Tunable Parameters and Endpointing Constants
The Talkscriber API provides several tunable parameters for Voice Activity Detection (VAD) and endpointing constants. These parameters allow for optimization of performance and accuracy based on specific needs.
Voice Activity Detection (VAD) Parameters
- threshold: Sensitivity of the VAD (default: 0.55)
- min_speech_duration_ms: Minimum duration of speech in milliseconds (default: 250)
- max_speech_duration_s: Maximum duration of speech in seconds (default: infinity)
- min_silence_duration_ms: Minimum duration of silence in milliseconds (default: 1000)

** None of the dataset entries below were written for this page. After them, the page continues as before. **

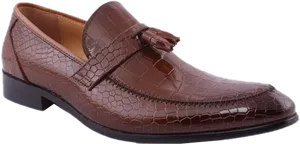 Brown Crocodile Pattern Loafer Men Shoe PNG image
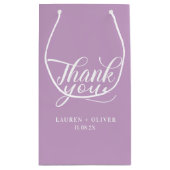 ライラックパープル | ミニマルウェディング御礼 スモールペーパーバッグ (裏面)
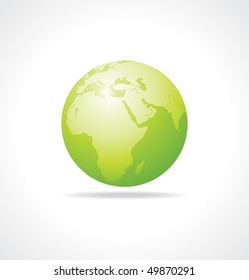 vector green earth on a white background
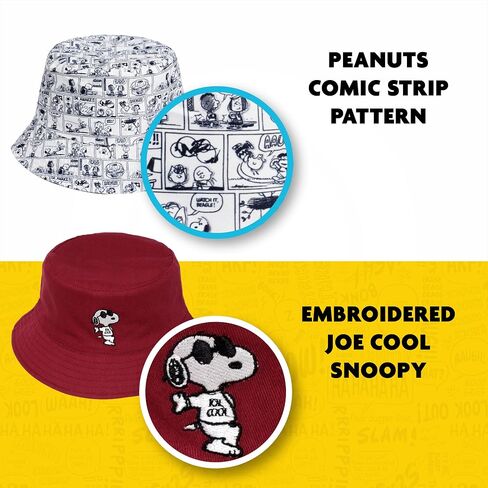 Peanuts Sleeping Snoopy Corduroy Bucket Hat, Burgundy, Medium/Large in Saudi Arabia
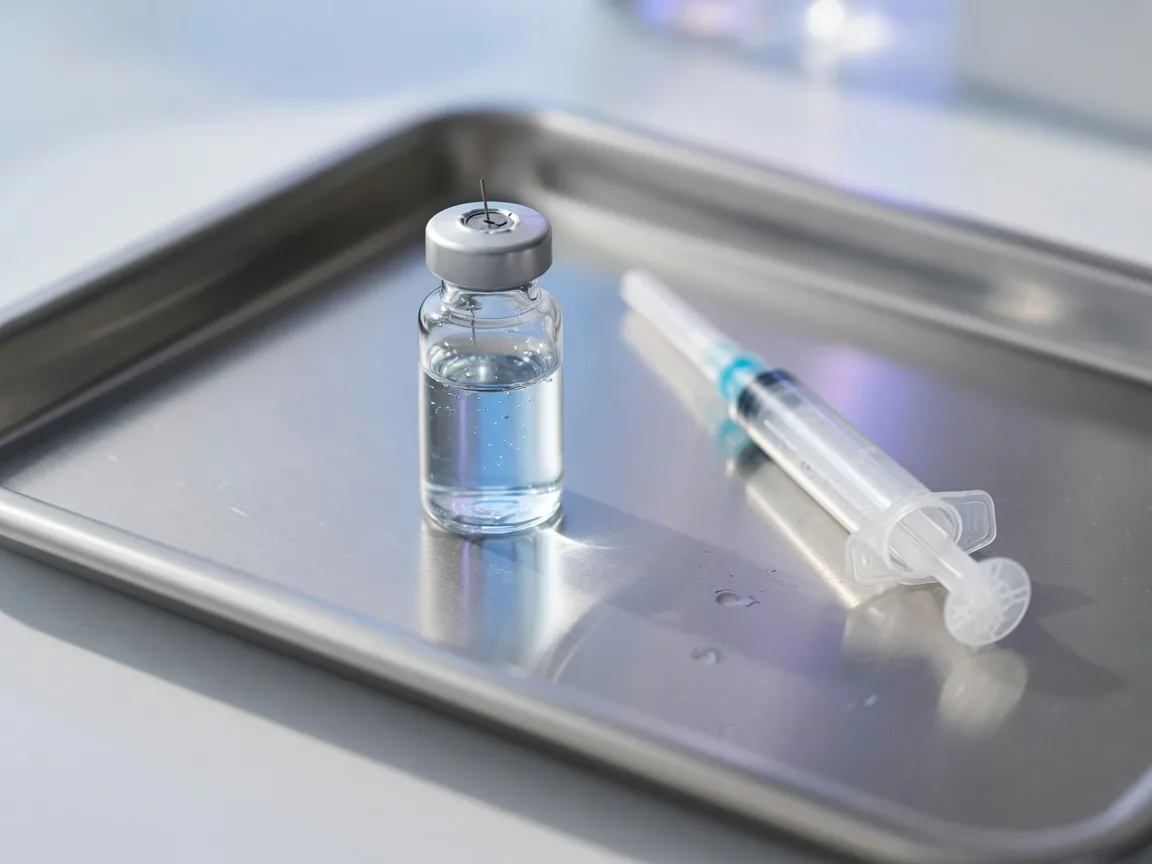 A clear vial and syringe on a stainless steel tray in the clinic preparation area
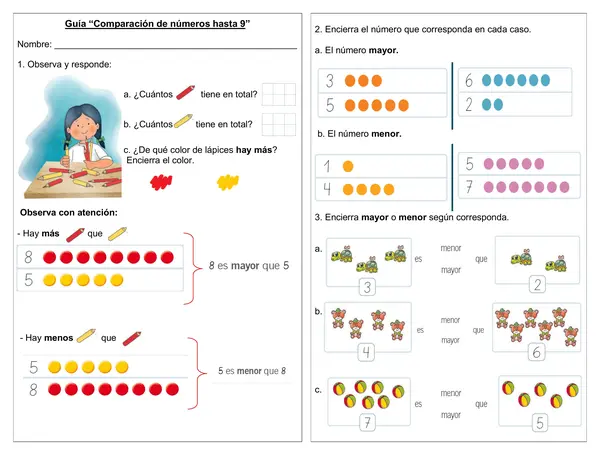 Guía "Comparación de números hasta el 9" (primer año básico)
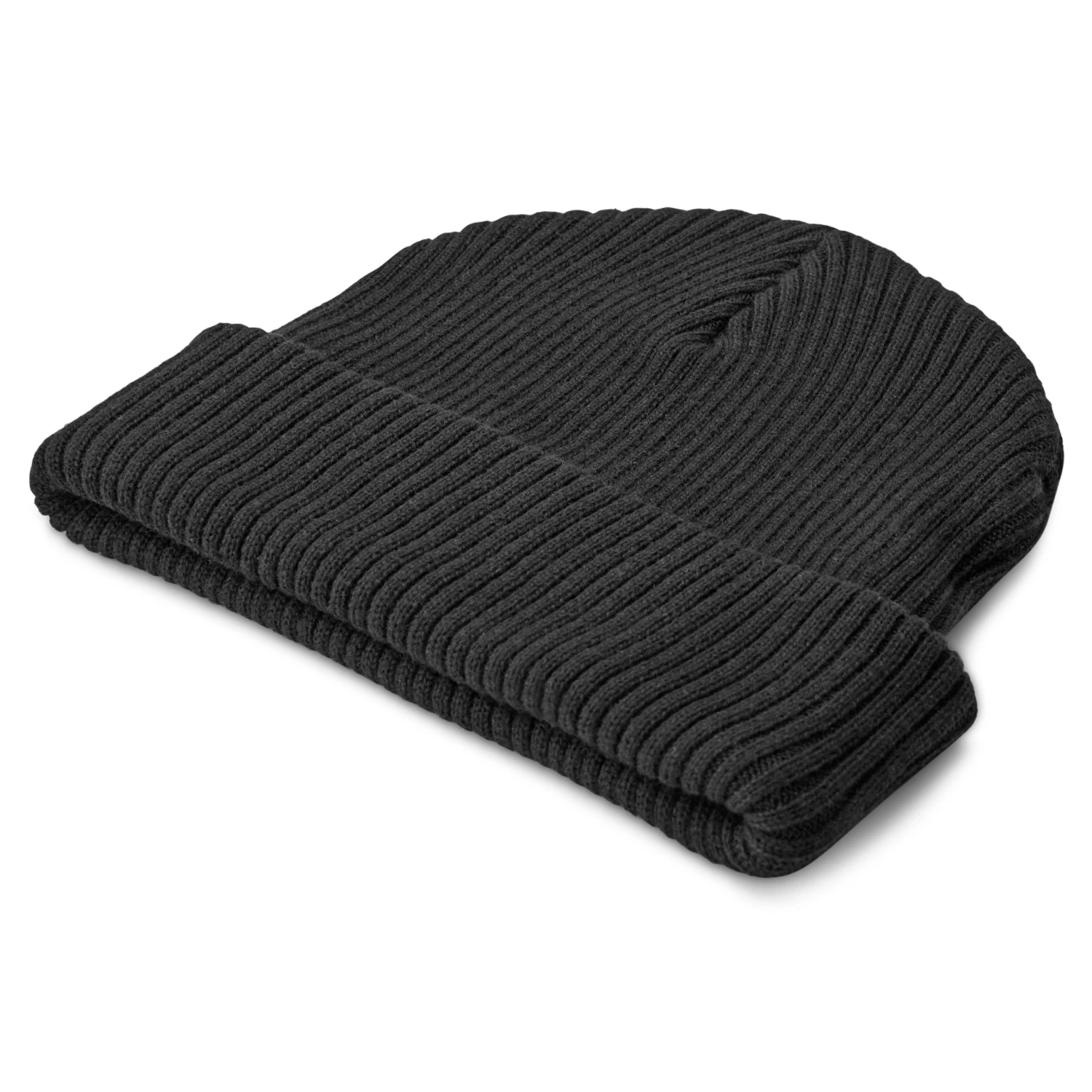 Black Acrylic Mix Chunky Knitted Rib Beanie - Image 3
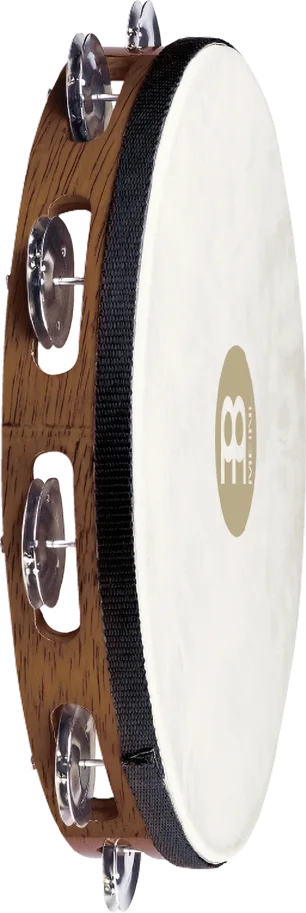 Goatskin Tambourine 1 Row - Steel - Brown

- window_size_samples: Size of the window for VAD analysis (default: 512)
- speech_pad_ms: Padding around detected speech segments in milliseconds (default: 500)
Endpointing Constants
- eos_threshold: End-of-speech detection threshold (default: 0.3)
- split_threshold: Threshold for splitting audio segments (default: 14)
- max_gap: Maximum gap between speech segments in seconds (default: 1)
- hullicination_threshold: Threshold to filter out hallucinations (default: -2.5)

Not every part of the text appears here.